- Etymology: Alsi, said to be a corruption of Alsea for native people who lived near the mouth of the river

Location
- Country: United States
- State: Oregon
- County: Lane and Benton

Physical characteristics
- Source: Central Oregon Coast Range
- • location: northeast of Horton, Lane County
- • coordinates: 44°14′49″N 123°25′44″W﻿ / ﻿44.24694°N 123.42889°W
- • elevation: 1,721 ft (525 m)
- Mouth: Alsea River
- • location: near Alsea, Benton County
- • coordinates: 44°22′34″N 123°36′09″W﻿ / ﻿44.37611°N 123.60250°W
- • elevation: 282 ft (86 m)

= South Fork Alsea River =

The South Fork Alsea River is a tributary of the Alsea River in the U.S. state of Oregon. It begins at northeast of Horton on the east side of the Central Oregon Coast Range and flows generally northwest to near Alsea. There it joins the North Fork Alsea River to form the main stem.

Fishing in Oregon describes the South Fork as "fair-sized" stream with an average width of 40 ft. Fishing for wild cutthroat trout is "excellent", and the stream also supports a population of steelhead. The Bureau of Land Management (BLM) oversees much of the territory through which the river flows.

Alsea Falls Recreation Area, managed by the BLM, is along the river. Open from May 1 through October 31, it has campsites and day-use sites with tent pads, fire rings, picnic tables, toilets, and drinking water. Hiking trails from the recreation area through the forest lead to several waterfalls.

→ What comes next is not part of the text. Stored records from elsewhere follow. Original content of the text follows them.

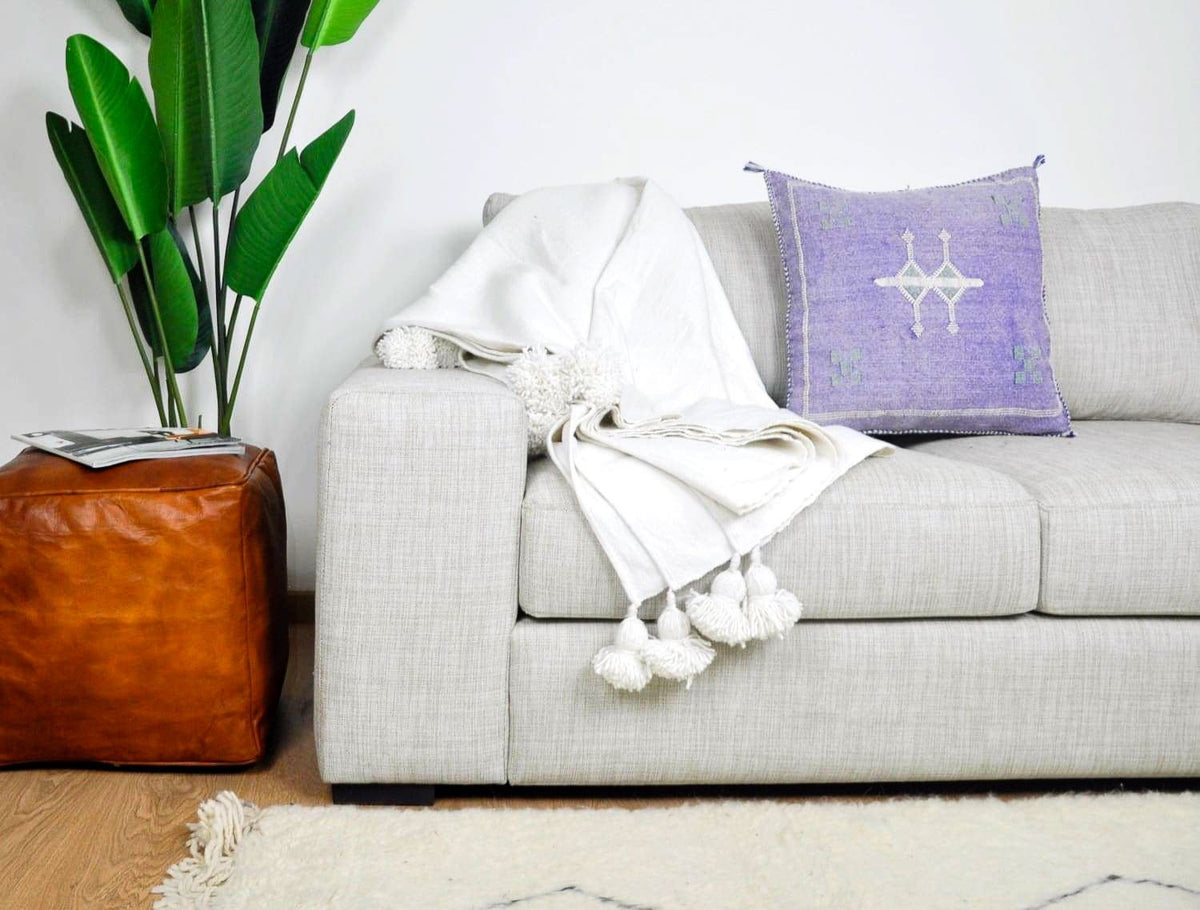 Couverture Pompon Blanche - 300x200 cm - Moroccan Furniture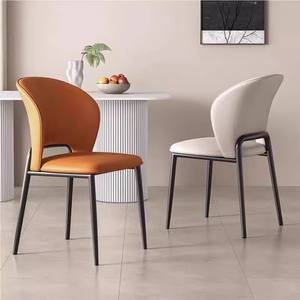 Chaises de salle à manger modernes au design nordique avec dossier de luxe et pieds en acier au carbone pour hôtel, restaurant, bureau, café, usage domestique - Product Image 3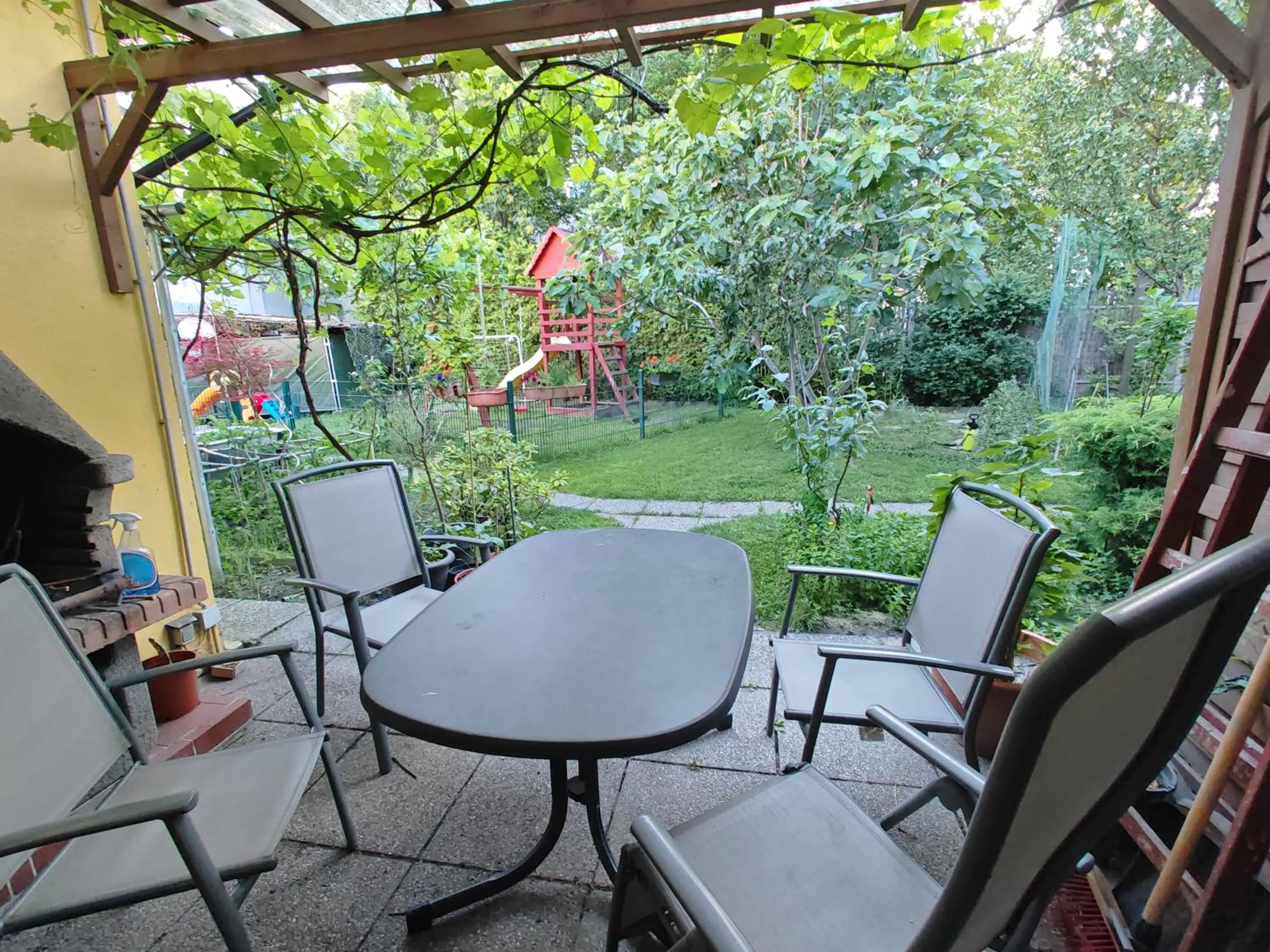 Garden in Leopoldauer Apartment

The nearby Fall Creek Trail system for mountain bikes has 6.5 mi of forested routes for all skill levels.

==Tributaries==
Listed from source to mouth, the named tributaries are Williams, Coleman, and Fall creeks, which enter from the left; Peak Creek, right; Blackberry and Rock creeks, left; Dubuque Creek, right; Table Creek, left; Cedar and Headrick creeks, right, and Bummer Creek, left.